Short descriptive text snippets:

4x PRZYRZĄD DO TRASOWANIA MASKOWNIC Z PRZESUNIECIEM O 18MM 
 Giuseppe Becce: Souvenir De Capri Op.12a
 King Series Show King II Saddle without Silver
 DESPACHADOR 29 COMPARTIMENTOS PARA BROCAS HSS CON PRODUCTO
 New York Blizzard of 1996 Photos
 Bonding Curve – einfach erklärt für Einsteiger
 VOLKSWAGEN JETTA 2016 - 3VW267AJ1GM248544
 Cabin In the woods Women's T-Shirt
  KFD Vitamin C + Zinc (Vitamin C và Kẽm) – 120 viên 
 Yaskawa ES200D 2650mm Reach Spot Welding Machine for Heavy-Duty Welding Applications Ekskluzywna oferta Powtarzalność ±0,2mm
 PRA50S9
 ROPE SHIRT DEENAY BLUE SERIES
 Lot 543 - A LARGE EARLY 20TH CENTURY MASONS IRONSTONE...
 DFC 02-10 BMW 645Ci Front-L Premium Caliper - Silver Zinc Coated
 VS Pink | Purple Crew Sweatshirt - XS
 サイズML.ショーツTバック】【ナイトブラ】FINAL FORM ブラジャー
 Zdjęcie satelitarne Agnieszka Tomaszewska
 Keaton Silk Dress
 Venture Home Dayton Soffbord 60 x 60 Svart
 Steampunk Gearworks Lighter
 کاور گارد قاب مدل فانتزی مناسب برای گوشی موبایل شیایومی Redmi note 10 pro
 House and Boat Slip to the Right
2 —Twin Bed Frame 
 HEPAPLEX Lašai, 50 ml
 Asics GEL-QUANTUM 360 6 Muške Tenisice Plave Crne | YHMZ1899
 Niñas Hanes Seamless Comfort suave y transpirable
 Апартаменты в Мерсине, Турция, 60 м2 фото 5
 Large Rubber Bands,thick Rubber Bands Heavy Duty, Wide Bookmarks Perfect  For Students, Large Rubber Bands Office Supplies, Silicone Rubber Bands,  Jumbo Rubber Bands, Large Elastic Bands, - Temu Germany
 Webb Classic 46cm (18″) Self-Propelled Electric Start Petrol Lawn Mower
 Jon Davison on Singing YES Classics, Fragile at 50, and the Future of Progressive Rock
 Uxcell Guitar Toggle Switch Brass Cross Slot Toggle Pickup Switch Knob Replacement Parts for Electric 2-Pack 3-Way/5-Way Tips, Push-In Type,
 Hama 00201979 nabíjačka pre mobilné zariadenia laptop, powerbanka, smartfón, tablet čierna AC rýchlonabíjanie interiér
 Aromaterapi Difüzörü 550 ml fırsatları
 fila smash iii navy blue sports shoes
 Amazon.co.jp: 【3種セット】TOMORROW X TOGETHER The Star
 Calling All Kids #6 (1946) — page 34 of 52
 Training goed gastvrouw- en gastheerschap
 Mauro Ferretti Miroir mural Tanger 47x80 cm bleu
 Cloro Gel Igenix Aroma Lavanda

Work to be completed :: Reproduce all the entries verbatim, leaving nothing out.

Output of the task ::
4x PRZYRZĄD DO TRASOWANIA MASKOWNIC Z PRZESUNIECIEM O 18MM 
 Giuseppe Becce: Souvenir De Capri Op.12a
 King Series Show King II Saddle without Silver
 DESPACHADOR 29 COMPARTIMENTOS PARA BROCAS HSS CON PRODUCTO
 New York Blizzard of 1996 Photos
 Bonding Curve – einfach erklärt für Einsteiger
 VOLKSWAGEN JETTA 2016 - 3VW267AJ1GM248544
 Cabin In the woods Women's T-Shirt
  KFD Vitamin C + Zinc (Vitamin C và Kẽm) – 120 viên 
 Yaskawa ES200D 2650mm Reach Spot Welding Machine for Heavy-Duty Welding Applications Ekskluzywna oferta Powtarzalność ±0,2mm
 PRA50S9
 ROPE SHIRT DEENAY BLUE SERIES
 Lot 543 - A LARGE EARLY 20TH CENTURY MASONS IRONSTONE...
 DFC 02-10 BMW 645Ci Front-L Premium Caliper - Silver Zinc Coated
 VS Pink | Purple Crew Sweatshirt - XS
 サイズML.ショーツTバック】【ナイトブラ】FINAL FORM ブラジャー
 Zdjęcie satelitarne Agnieszka Tomaszewska
 Keaton Silk Dress
 Venture Home Dayton Soffbord 60 x 60 Svart
 Steampunk Gearworks Lighter
 کاور گارد قاب مدل فانتزی مناسب برای گوشی موبایل شیایومی Redmi note 10 pro
 House and Boat Slip to the Right
2 —Twin Bed Frame 
 HEPAPLEX Lašai, 50 ml
 Asics GEL-QUANTUM 360 6 Muške Tenisice Plave Crne | YHMZ1899
 Niñas Hanes Seamless Comfort suave y transpirable
 Апартаменты в Мерсине, Турция, 60 м2 фото 5
 Large Rubber Bands,thick Rubber Bands Heavy Duty, Wide Bookmarks Perfect  For Students, Large Rubber Bands Office Supplies, Silicone Rubber Bands,  Jumbo Rubber Bands, Large Elastic Bands, - Temu Germany
 Webb Classic 46cm (18″) Self-Propelled Electric Start Petrol Lawn Mower
 Jon Davison on Singing YES Classics, Fragile at 50, and the Future of Progressive Rock
 Uxcell Guitar Toggle Switch Brass Cross Slot Toggle Pickup Switch Knob Replacement Parts for Electric 2-Pack 3-Way/5-Way Tips, Push-In Type,
 Hama 00201979 nabíjačka pre mobilné zariadenia laptop, powerbanka, smartfón, tablet čierna AC rýchlonabíjanie interiér
 Aromaterapi Difüzörü 550 ml fırsatları
 fila smash iii navy blue sports shoes
 Amazon.co.jp: 【3種セット】TOMORROW X TOGETHER The Star
 Calling All Kids #6 (1946) — page 34 of 52
 Training goed gastvrouw- en gastheerschap
 Mauro Ferretti Miroir mural Tanger 47x80 cm bleu
 Cloro Gel Igenix Aroma Lavanda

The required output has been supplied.